# Print order for cmyk on white



## phazeonechicago (Mar 18, 2008)

just need a starting point for cmyk on white.


----------



## phazeonechicago (Mar 18, 2008)

:d :d Thanks Fred!


----------



## rwshirts (Dec 5, 2007)

Fred....we found that on our last job, we had to print yellow first, or it would discolor from the other, darker inks.


RW


----------



## studog79 (Jul 13, 2006)

Its like the song....... YMCK


----------



## rwshirts (Dec 5, 2007)

Stuart....you are correct! My ink dealer reminded me that always print light to dark on 4-color process. Just almost like the song!!


RW


----------



## Steelheader100 (Jan 18, 2007)

I always go Y,M,C,K also.


----------



## DnDcreationz (Mar 2, 2011)

Question on this 
ok - i'm starting on the CMYK screen printing process. I understand the YMCK , light to dark. But my question is. When you print out your negatives and burn your screens, you have 4 screens. So 1 C, 2 M, 3 Y and 4th screen is the K. So would you but yellow on the 1st screen, or would you just use the 3rd screen with yellow on it first? Hope i'm not saying this in a confusing way.
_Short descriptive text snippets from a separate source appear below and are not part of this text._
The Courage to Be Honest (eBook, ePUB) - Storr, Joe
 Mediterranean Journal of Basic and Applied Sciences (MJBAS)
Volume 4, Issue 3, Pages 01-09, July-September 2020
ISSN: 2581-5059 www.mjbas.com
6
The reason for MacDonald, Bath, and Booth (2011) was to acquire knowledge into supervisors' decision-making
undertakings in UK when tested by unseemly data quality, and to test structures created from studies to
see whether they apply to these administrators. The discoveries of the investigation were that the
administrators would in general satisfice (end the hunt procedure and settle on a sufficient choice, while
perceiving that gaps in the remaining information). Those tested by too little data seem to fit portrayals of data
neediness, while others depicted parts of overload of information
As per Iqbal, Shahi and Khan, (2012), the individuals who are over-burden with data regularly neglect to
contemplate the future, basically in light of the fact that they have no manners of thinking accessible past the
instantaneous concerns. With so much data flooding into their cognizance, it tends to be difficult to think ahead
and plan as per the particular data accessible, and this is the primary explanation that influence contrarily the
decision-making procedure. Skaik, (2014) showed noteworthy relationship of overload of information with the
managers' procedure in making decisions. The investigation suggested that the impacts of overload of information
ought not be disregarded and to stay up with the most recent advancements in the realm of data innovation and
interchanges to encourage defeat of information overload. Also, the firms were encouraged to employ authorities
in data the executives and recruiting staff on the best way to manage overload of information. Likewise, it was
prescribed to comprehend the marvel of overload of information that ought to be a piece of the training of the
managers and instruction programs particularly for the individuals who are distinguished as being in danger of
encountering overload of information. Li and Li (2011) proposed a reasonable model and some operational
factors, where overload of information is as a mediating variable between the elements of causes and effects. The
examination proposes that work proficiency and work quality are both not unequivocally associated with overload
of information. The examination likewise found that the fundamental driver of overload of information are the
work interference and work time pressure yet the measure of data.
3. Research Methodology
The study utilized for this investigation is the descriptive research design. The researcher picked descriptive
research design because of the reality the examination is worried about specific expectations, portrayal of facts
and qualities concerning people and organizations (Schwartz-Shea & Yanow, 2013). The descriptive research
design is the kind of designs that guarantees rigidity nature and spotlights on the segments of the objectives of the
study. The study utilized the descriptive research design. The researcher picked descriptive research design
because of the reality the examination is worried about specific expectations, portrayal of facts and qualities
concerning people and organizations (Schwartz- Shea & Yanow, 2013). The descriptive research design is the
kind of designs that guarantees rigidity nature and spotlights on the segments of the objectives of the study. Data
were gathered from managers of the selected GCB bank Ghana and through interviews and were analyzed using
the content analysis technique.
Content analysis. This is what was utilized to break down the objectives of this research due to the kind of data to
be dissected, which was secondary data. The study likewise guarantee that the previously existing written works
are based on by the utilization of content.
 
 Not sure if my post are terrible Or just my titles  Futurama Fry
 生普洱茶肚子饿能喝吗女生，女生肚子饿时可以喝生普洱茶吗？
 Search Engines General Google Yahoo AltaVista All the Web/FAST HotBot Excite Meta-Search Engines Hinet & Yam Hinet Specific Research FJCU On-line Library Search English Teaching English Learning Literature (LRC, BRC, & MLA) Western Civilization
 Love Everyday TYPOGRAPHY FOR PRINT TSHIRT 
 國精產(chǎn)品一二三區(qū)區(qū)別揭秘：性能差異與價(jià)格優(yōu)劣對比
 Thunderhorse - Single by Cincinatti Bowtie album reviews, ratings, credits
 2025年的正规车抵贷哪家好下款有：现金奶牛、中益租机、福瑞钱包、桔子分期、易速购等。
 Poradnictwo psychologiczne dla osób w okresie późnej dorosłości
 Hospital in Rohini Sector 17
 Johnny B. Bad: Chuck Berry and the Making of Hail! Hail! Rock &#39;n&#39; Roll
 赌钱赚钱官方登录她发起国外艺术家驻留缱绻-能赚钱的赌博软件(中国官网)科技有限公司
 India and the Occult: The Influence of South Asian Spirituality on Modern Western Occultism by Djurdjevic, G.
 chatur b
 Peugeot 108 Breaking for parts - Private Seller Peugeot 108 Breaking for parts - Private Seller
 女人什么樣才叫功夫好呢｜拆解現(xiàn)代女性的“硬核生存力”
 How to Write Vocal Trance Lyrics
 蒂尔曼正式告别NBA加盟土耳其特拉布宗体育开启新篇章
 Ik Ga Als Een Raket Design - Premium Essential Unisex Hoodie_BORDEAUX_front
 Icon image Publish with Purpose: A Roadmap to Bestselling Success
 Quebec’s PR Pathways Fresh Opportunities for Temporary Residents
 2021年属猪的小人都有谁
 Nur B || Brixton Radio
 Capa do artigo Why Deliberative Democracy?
Please let me know. Thank you


----------



## Fluid (Jun 20, 2005)

Yellow 1st screen
Magenta 2nd screen
Cyan 3rd 
Black 4th.

Print in that order. Use high mesh and print wet on wet.

- Fluid
Corel Master

Sent from somewhere using T-Shirt Forums App


----------



## HardEdge (Oct 19, 2012)

The first thing I did when learning 4CP 20 years ago ( on a manual ) was build a color chart. Since I knew I wouldn't be able to match PMS colors, I just put CMYK values and built a chart with about 160 colors on it. I printed it recording everything in every order ( wiping screens between ) with black always last. You will notice color shifts when doing this. Printing YMCK 
gives you deeper greens, bluer purples, redder reds, leaning towards the latter color in print sequence. We adjusted our order based on the art ( we sep all of the designs we print ). If you need rich reds and bright greens, run CYMK. Deeper greens and brighter purples run YCMK.
Enough can't be said about controlling as many variables as possible, and bump plates are a life saver, when you understand how to use them. Building your own chart ( use correct angles ), and thorough testing your personal parameters will be worth every hour ( days ) and dollar spent.


----------



## TYGERON (Apr 26, 2009)

There are no absolutes that apply to every process job. No "always". The most effective print order depends on the art/graphic and a lot of other factors. Light to dark is generally recommended but not set in stone. Other common "absolutes" are that you don't need a White underbase when printing on White garments. Actually it's used often for control. Another one is that you need 305 mesh screens. Again, it depends on the art and the look you want and other factors. Four color process will also require more colors to round out the limited color gamut of process printing.

Try different print orders to actually see what the results are.

And absolutely don't settle for absolutes


----------



## DnDcreationz (Mar 2, 2011)

Thanks Fluid!!! big help!


----------